Durability and Performance Limitations in Currently Available Alkaline Exchange Membrane Electrolysis Materials and the Relationship to Total System Cost

Abstract

Anion exchange membrane (AEM) electrolyzers have the potential to reduce the cost of hydrogen generated via. electrolysis through reducing the cost of stack materials, improved electrochemical kinetics, and exhibiting a higher tolerance range for water purity (e.g. brackish and saltwater electrolysis). These potential benefits have resulted in a large amount of research funding, and as a result several commercial AEMs are now available. Additionally, several commercial, AEM specific catalysts are also available.With the increasing maturity of AEM electrolysis (still in the very early stages), there is a growing need for benchmark performance and durability using only membrane electrode assembly (MEA) materials that are commercially available. Several materials, both polymers and catalysts, will be discussed for both performance and durability under differential pressure.

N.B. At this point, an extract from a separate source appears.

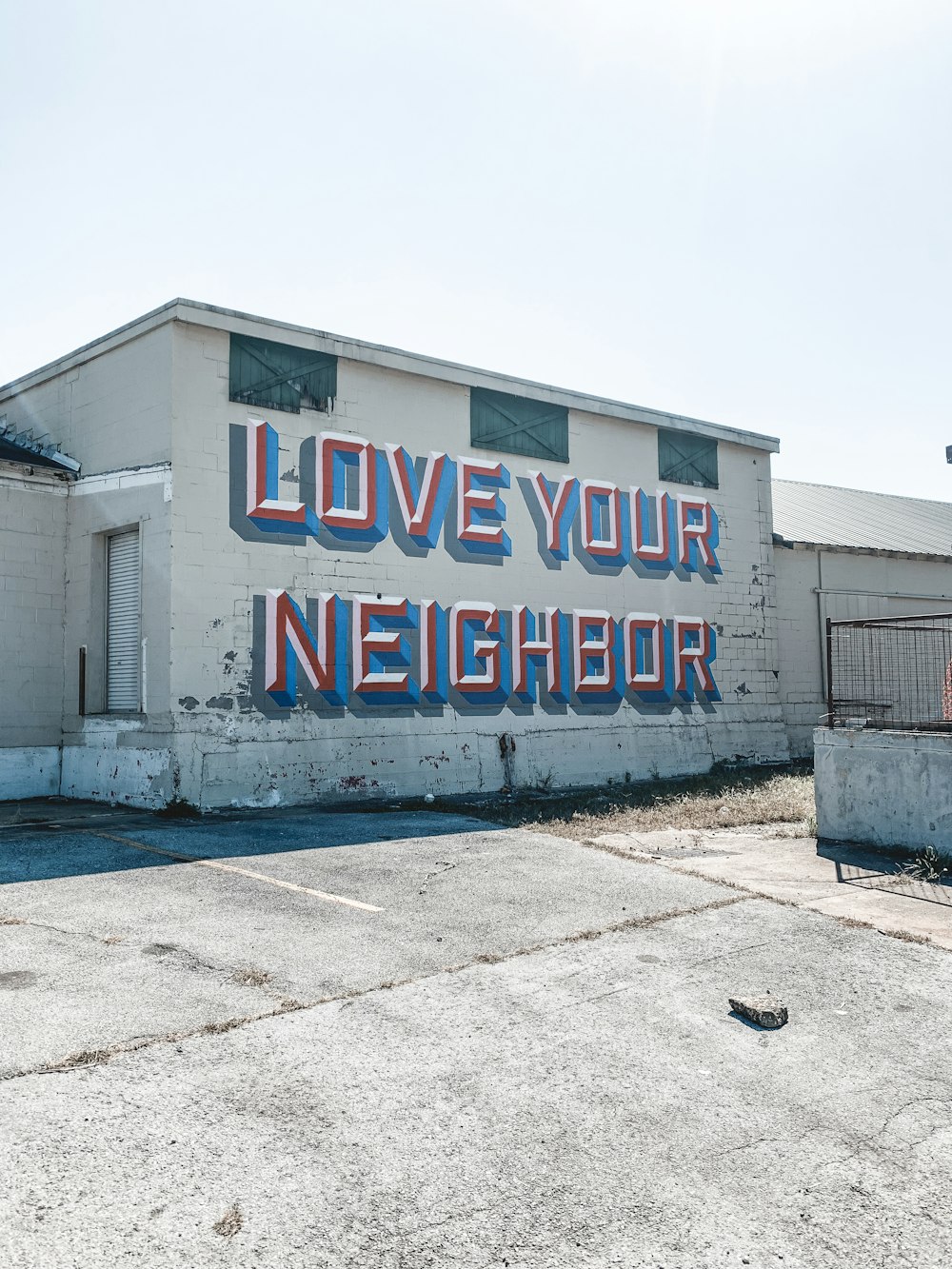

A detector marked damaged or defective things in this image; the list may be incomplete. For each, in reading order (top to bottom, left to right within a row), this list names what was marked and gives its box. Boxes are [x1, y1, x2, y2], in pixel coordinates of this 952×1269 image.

crack in pavement [0, 893, 751, 1081]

The incumbent technology, proton exchange electrolyzers, typically operate up to 435 psig differential H2 pressure accomplished through a combination of electrolysis and electrochemical compression. To provide a more direct comparison to the current technology, durability will be measured under differential H2 pressure. Additionally, test will be performed to identify presence of electronic shorting or cross-cell leaks, both cell failures that will result in apparent improved performance due to the lower operating voltage.For industry to adopt AEMs, there must be demonstrated device reliability and projected system cost savings. A techno-economic analysis will be performed to compare AEM and PEM electrolysis in several different scenarios to better understand the state of the technology.